By Erik Derr ( | First Posted: Mar 16, 2013 01:36 AM EDT

Women's Rights News (Photo : Women's Rights News / Facebook)

For at least a few days now, the shared consciousness of tens of thousands of people who follow news about women's rights has been focused on a clothing store in Sweden --- in particular on two mannequins in the women's undergarment area.

No, it's not the lingerie the two are wearing that's garnered so much attention, but the fact that the two fashion figures are, well, full-figured, including proportions that approximate softer stomachs, fuller thighs and generally more realistic proportions than traditional department store models.

Most mannequins in the U.S. range between slender sizes 4 to 6, while American women on average fit a size 14.

A blogger at Women's Rights News posted a photo of the store mannequins to Facebook on March 12 and by midnight March 16 (Eastern Time) nearly 57,000 Facebook users "liked" the post, more than 17,400 people had shared the photo with others in the social network and just over 3,000 views had commented on the photo. By far, the majority of those who commented on the display liked what they saw.

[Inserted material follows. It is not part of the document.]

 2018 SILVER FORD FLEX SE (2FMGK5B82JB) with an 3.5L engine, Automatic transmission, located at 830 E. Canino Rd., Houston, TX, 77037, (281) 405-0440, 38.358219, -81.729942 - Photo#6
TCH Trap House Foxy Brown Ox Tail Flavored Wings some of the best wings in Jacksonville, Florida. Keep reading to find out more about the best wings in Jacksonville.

"Beautiful, no bones sticking out..." wrote one viewer, with another saying, "this is shockingly realistic. I suddenly feel a lot less self-loathing."

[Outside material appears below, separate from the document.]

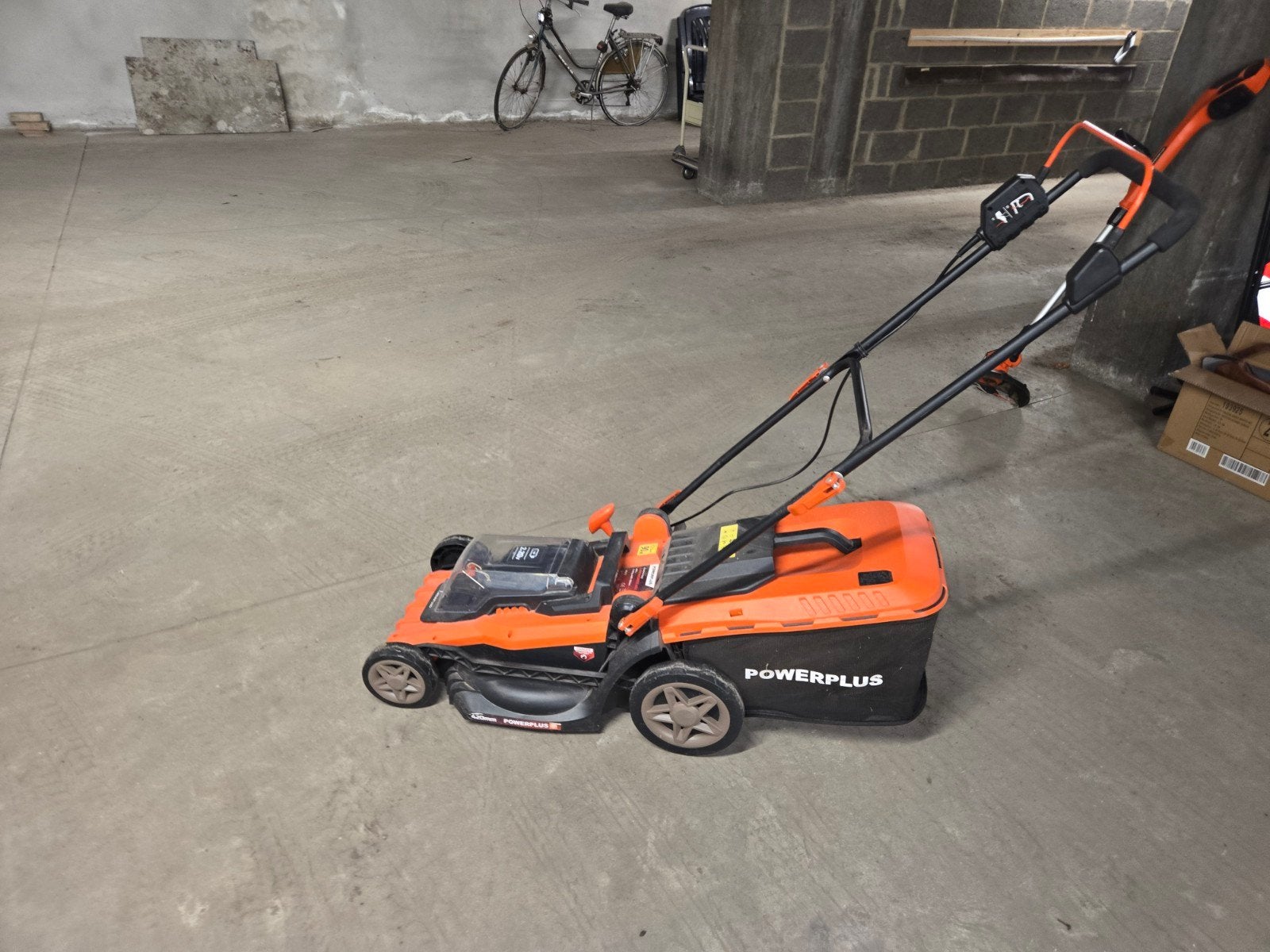 Grasmaaier power plus 40v 42 cm, kantmaaier en extra bat., Tuin en Terras, Ophalen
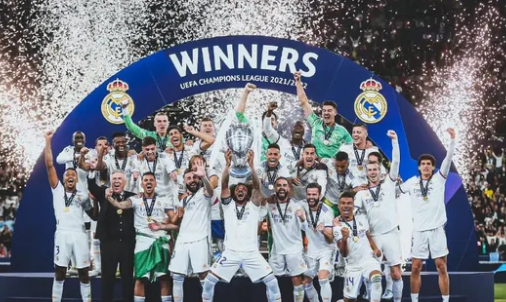 图片报：米兰对金玟哉感兴趣，在今夏就曾观察过他（图片报：AC米兰有意金玟哉，今夏已考察）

 Said another supportive Facebook user: "About time. Most people don't look like the mannequins in the stores. They are too thin and well, it discourages me from buying from alot of stores because I won't look like that in the outfit in the window. Now with the new mannequins, I think more people are apt to shop there now."

Shine, the Yahoo! news service that focuses on woman-oriented topics, said it was believed at one point that the mannequins were displayed at H&M in Sweden, but a spokesperson told Shine the image was not taken in the H&M.

"At this time, we are not using this type of mannequin, but we do not rule of the possibility of doing so in the future," the spokesperson said.

Mannequins have been used for thousands of years, but only showed up in store window fashion displays in the 1800s during the Industrial Revolution.

Modern-day mannequins have long been criticized for having tiny proportions. In 2007, British health officials demanded stores in London's high-fashion district stop uber-thin models. Club Monaco suffered the wrath of the women's rights movement in 2010 when it featured mannequins with protruding spines and clavicles.

Then again, a recent study in the Journal of Consumer Research showed women experience a drop in their self-esteem exposed to models of any size.